**Assignment**
Only an exact copy is wanted: the lines from the one holding "Beyoncé instancabile confeziona" through the last line below, minus the pictures.

**Provided data**
══════

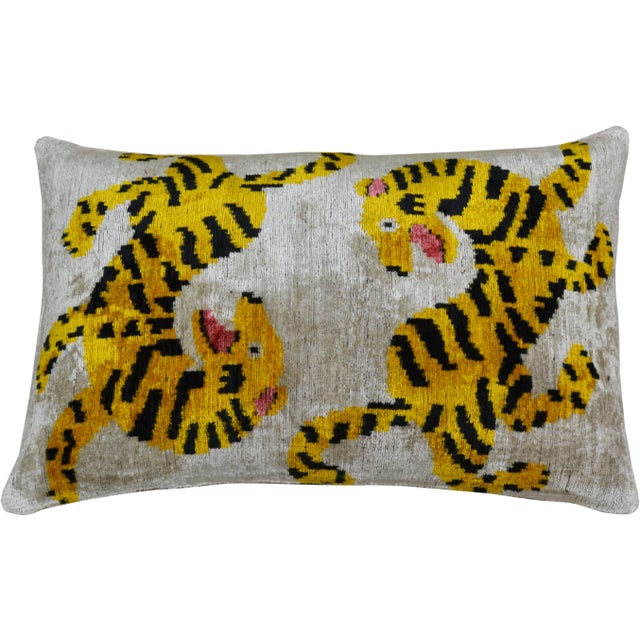 Contemporary Silk Uzbek Ikat Velvet Hand Made Pillow Cushion, 16x24 For Sale - Image 3 of 3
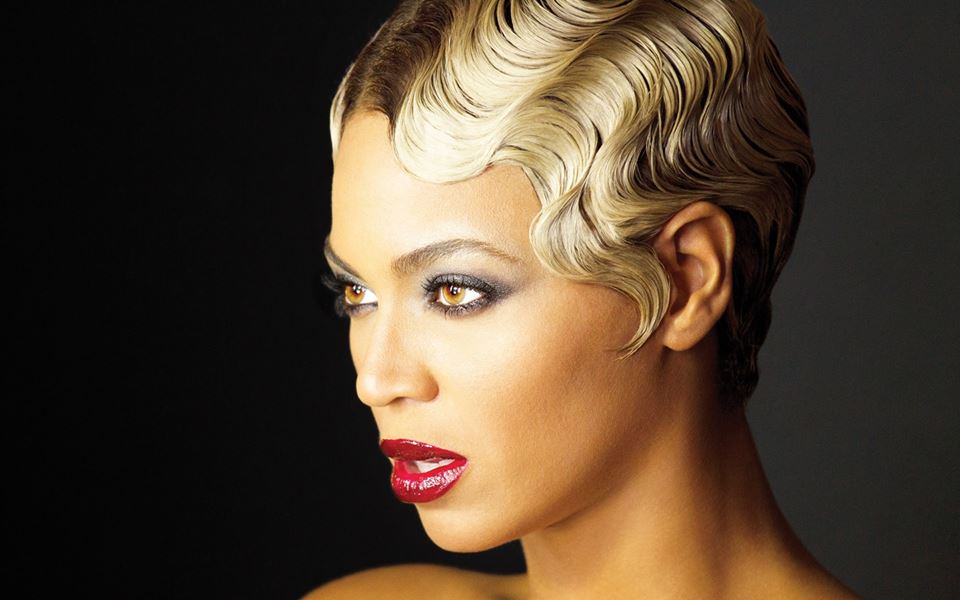 Beyoncé instancabile confeziona la riedizione dell'ultimo album e regala un brano a 50 Sfumature di grigio
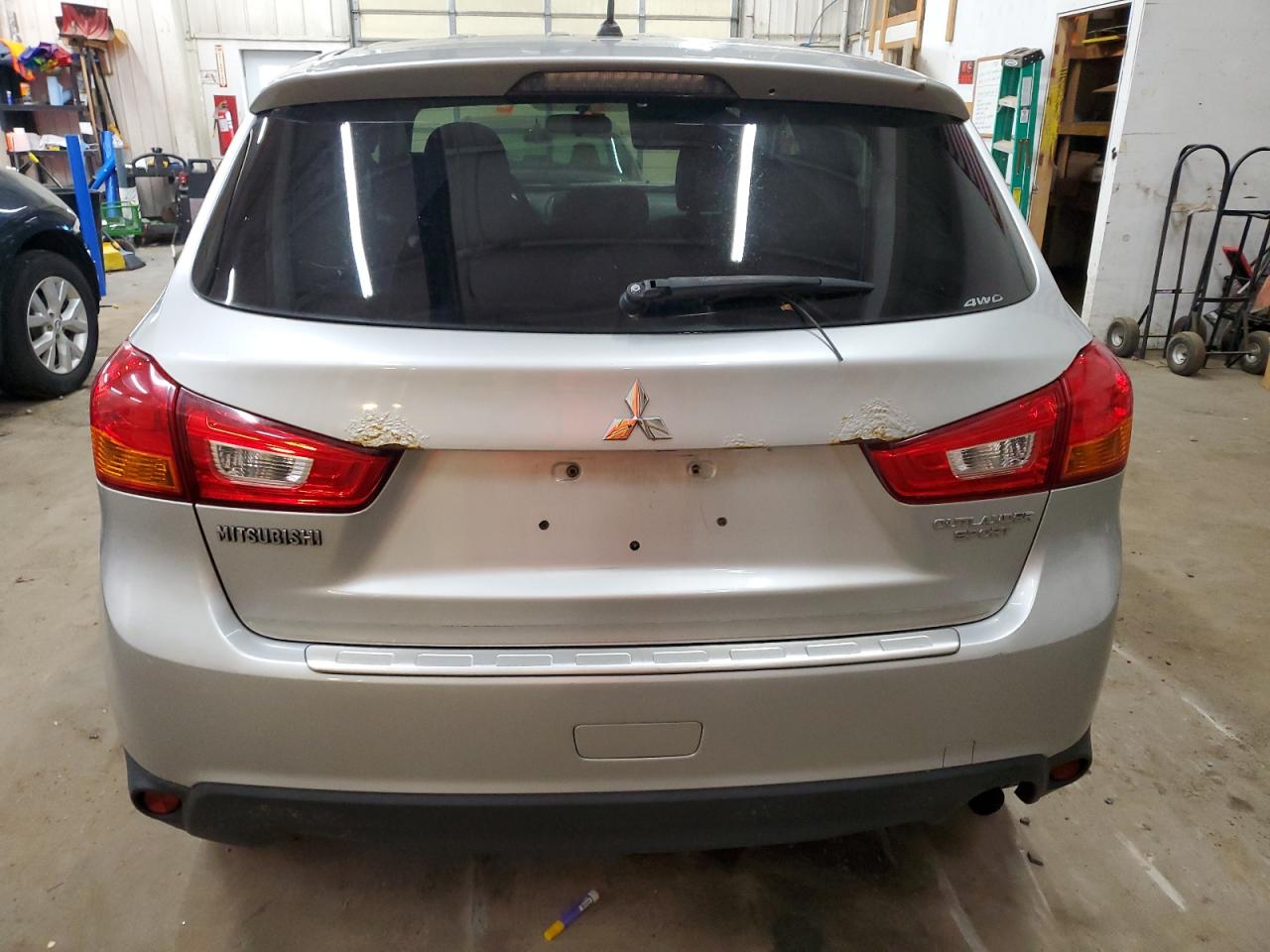 MITSUBISHI OUTLANDER ES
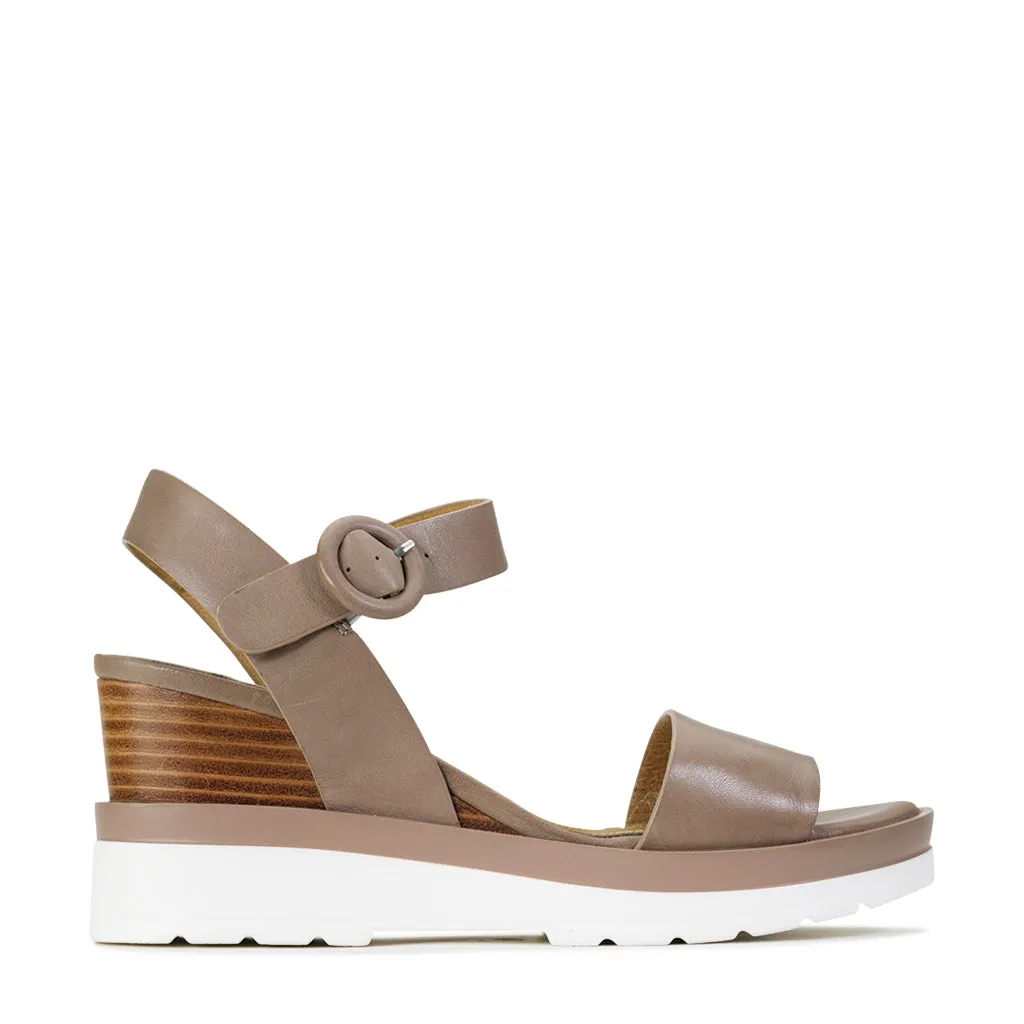 driest Slip-resistant fit JADON LEATHER WEDGE  SANDALS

══════

**Response to the task**
 Beyoncé instancabile confeziona la riedizione dell'ultimo album e regala un brano a 50 Sfumature di grigio
 MITSUBISHI OUTLANDER ES
 driest Slip-resistant fit JADON LEATHER WEDGE  SANDALS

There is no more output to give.